We asked SOAS students if they wanted white philosophers off the syllabus

‘You wouldn’t see another university make such a fuss.’

In the basement of SOAS’ student union, there are numerous murals depicting individuals who have stood up to promote the rights and causes of ethnic minorities. They include political activists, scholars, musicians and other individuals.

Junot Diaz [pictured] is a writer who has defended the rights of Dominicans and Haitians, opposing the USA’s immigration policy as well as the Dominican government’s forced deportation of Haitian economic migrants.

It is figures like these that SOAS’ student union wants the university’s curriculum to focus on, instead of the white philosophers that currently form a big part of many courses. First published by the Daily Mail, the story has received a large amount of negative press as a short-sighted and “ignorant” policy.

Although The Tab has tried on multiple occasions to gain comment from the campaign’s organiser, Ali Habib, he has not replied to our emails or phone calls. Instead, we went around the SOAS campus and asked students for their thoughts on the campaign.

Riyah, 20, 2nd Year, History

“The SU was elected on these issues, on their values towards this topic [of Decolonising SOAS]. Since last year when the campaign started, you can see the diversity of the figures that people have voted to be put on the SU walls. It resonates throughout SOAS, and it hasn’t been reflected in these news stories.

“It’s not about the race of the author or scholar, or where they’re from…it’s about their work. Universities should be putting the best ideas out there. You need to have some kind of debate from other regional perspectives, because they have another background to the same debate.
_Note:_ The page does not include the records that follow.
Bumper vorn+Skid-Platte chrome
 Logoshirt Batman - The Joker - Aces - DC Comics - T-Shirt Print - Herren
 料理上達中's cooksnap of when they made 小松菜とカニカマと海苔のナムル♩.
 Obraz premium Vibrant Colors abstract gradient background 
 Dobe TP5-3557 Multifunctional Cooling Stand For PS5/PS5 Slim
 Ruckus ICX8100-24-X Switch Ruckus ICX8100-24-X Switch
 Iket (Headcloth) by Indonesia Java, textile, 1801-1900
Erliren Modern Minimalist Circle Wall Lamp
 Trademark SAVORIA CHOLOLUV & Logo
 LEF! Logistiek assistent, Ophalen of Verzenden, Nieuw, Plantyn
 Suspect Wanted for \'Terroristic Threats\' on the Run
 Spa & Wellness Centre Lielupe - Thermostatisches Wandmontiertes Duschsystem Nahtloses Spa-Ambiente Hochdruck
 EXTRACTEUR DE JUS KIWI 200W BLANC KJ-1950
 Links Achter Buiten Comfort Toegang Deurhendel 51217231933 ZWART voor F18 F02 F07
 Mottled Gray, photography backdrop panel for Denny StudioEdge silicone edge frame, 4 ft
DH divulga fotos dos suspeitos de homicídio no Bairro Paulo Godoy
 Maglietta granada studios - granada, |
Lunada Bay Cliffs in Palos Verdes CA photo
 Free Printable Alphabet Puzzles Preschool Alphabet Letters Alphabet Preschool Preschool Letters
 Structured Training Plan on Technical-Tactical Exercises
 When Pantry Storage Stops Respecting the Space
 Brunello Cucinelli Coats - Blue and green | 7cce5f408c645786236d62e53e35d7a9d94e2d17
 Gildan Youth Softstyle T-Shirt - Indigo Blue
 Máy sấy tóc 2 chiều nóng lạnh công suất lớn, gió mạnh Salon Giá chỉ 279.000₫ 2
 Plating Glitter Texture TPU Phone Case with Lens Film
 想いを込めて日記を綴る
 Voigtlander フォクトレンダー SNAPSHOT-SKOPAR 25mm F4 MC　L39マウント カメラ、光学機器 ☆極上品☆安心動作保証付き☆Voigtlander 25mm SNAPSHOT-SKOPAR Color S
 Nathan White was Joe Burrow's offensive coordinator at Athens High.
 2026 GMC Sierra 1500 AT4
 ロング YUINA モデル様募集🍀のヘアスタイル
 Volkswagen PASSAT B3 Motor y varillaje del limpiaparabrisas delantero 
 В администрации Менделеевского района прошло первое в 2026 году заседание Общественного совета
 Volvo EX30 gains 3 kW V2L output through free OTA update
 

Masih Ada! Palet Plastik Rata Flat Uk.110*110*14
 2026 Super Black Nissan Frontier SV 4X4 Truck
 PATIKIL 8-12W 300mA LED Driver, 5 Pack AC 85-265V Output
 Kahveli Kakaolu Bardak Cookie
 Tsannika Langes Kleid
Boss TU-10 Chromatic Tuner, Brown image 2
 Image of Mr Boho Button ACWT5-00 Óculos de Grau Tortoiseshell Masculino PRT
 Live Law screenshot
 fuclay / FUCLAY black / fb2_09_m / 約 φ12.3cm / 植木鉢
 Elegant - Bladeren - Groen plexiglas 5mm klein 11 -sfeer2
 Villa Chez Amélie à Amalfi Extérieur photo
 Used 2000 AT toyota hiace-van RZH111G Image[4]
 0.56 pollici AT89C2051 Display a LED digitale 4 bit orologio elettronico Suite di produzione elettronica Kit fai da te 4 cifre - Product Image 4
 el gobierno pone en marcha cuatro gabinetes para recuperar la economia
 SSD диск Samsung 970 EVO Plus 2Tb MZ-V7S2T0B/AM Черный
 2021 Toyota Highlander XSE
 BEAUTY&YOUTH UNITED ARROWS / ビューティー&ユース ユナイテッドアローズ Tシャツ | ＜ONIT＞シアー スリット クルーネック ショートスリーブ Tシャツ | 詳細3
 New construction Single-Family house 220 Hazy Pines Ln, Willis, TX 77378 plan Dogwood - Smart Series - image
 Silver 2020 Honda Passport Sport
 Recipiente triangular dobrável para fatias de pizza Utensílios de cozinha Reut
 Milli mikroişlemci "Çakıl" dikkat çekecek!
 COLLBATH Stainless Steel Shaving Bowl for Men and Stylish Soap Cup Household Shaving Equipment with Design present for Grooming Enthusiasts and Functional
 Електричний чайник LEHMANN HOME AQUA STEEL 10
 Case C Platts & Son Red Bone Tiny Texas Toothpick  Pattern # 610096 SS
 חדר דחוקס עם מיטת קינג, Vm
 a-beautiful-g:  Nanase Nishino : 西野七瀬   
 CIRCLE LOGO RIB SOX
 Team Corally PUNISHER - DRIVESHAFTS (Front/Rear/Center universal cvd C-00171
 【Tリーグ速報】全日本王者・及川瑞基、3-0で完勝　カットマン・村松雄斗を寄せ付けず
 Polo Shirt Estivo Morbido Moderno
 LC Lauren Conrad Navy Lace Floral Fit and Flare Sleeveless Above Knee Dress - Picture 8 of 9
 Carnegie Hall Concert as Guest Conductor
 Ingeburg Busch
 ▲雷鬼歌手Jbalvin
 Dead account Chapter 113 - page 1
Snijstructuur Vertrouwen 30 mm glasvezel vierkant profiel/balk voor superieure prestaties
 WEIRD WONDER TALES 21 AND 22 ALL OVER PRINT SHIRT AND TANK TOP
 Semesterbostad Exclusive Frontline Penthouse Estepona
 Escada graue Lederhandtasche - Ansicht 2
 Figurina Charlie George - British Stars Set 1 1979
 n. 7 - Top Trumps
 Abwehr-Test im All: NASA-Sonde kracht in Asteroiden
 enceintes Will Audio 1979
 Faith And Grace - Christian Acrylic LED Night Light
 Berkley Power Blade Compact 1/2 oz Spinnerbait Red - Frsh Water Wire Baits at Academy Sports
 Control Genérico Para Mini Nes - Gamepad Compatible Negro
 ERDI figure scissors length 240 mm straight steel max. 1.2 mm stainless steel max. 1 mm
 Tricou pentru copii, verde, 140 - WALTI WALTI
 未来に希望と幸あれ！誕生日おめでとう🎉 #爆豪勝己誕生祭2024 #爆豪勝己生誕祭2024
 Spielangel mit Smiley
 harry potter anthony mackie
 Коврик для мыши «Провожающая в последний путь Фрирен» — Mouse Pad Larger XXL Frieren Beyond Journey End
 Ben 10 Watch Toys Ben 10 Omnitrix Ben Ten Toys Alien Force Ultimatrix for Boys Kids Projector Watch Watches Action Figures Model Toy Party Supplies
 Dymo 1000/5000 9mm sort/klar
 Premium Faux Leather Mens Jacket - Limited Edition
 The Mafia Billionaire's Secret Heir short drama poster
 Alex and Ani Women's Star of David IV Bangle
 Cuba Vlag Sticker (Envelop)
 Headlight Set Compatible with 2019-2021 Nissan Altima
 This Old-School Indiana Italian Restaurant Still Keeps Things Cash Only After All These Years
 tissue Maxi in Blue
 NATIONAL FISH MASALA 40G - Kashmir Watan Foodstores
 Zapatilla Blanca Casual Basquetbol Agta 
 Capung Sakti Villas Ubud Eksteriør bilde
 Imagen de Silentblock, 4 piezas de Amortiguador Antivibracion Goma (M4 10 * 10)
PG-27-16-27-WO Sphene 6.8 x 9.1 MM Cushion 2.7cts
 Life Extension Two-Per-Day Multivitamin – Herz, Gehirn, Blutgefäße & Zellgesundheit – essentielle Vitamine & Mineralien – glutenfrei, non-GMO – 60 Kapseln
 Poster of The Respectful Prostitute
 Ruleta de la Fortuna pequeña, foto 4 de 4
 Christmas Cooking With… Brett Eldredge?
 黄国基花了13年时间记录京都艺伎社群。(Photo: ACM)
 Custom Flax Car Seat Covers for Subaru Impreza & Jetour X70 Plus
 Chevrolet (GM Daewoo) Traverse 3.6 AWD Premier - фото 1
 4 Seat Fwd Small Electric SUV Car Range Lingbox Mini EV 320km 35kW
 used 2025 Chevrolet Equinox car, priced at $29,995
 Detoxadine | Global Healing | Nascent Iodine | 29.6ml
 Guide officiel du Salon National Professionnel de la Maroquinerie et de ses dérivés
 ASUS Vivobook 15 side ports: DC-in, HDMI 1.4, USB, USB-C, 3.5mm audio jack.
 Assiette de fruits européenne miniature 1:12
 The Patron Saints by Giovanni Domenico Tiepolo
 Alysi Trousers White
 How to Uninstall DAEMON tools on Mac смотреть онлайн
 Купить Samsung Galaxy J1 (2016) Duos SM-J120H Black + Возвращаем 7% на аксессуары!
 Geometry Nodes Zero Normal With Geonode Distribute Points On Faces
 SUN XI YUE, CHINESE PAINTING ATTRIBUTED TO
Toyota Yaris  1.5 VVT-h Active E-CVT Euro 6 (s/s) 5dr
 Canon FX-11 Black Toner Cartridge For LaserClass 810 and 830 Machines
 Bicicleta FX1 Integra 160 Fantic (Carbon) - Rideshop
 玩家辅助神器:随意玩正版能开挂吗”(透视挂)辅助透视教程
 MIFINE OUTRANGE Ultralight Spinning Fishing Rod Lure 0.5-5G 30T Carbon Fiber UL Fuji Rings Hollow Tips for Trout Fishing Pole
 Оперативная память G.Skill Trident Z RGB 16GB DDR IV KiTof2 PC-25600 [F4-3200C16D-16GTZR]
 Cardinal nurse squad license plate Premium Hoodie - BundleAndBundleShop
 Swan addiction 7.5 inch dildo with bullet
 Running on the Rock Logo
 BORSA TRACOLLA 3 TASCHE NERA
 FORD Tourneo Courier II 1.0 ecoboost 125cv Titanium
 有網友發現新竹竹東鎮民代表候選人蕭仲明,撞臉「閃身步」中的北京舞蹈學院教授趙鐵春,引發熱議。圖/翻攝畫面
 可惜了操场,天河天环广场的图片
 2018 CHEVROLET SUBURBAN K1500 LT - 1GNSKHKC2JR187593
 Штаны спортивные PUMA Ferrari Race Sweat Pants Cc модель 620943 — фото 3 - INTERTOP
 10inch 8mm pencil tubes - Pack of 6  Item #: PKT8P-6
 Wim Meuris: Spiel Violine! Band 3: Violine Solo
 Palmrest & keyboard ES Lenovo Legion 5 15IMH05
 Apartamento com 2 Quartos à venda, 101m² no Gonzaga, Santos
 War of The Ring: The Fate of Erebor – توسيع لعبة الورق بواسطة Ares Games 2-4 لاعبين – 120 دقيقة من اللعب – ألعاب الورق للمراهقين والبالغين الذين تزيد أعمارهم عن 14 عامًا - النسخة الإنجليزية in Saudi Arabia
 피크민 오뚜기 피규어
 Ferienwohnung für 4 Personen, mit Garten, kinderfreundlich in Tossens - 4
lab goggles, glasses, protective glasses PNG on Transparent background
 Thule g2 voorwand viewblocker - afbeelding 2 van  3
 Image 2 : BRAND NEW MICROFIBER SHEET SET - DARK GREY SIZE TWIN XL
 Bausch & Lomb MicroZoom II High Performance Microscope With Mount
The whole idea of coming to university is about gaining a broader perspective.”

Jasmyn, 22, MA Religion and Global Politics

“My Professor wrote something on Overheard at SOAS about the World Philosophies response to all the misinformation that has been spreading. Basically I agree with that. Our first term was all European writers. I don’t think anyone is interested in completely getting rid of them, it’s just about bringing these variety of cultures alongside each other and having them in conversation.”

Mohammad, 22, MA Islamic Societies in Culture

“I think it’s a good campaign in that it exposes people to a whole variety of different thinkers, and ideas that aren’t necessarily taught in a traditional teaching of philosophy.”

James, 23, 2nd Year, Music

“The Daily Mail started it. All I have to say about it is it’s pretty silly that people are listening to the Mail. They’re interested in reverse racism, which isn’t what it’s about.”

Dan, 20, 2nd Year, Music and Social Anthropology

“The Mail were the first to misrepresent it. Didn’t a SOAS academic think that the Mail’s slant was the right line? That itself is kind of sad.”

Austyn, 19, 2nd Year, History and International Relations and Joy, 19, 2nd Year Middle Eastern Studies

Joy: “If you’re at SOAS, you don’t really want to study some boring white guy. They shouldn’t be taken out, but with the English degree, it’s all white people…It needs to be more about what SOAS is called; what you come here for.”

Austyn: “I don’t think they [white philosophers] should be taken out…You wouldn’t see another university make such a fuss.”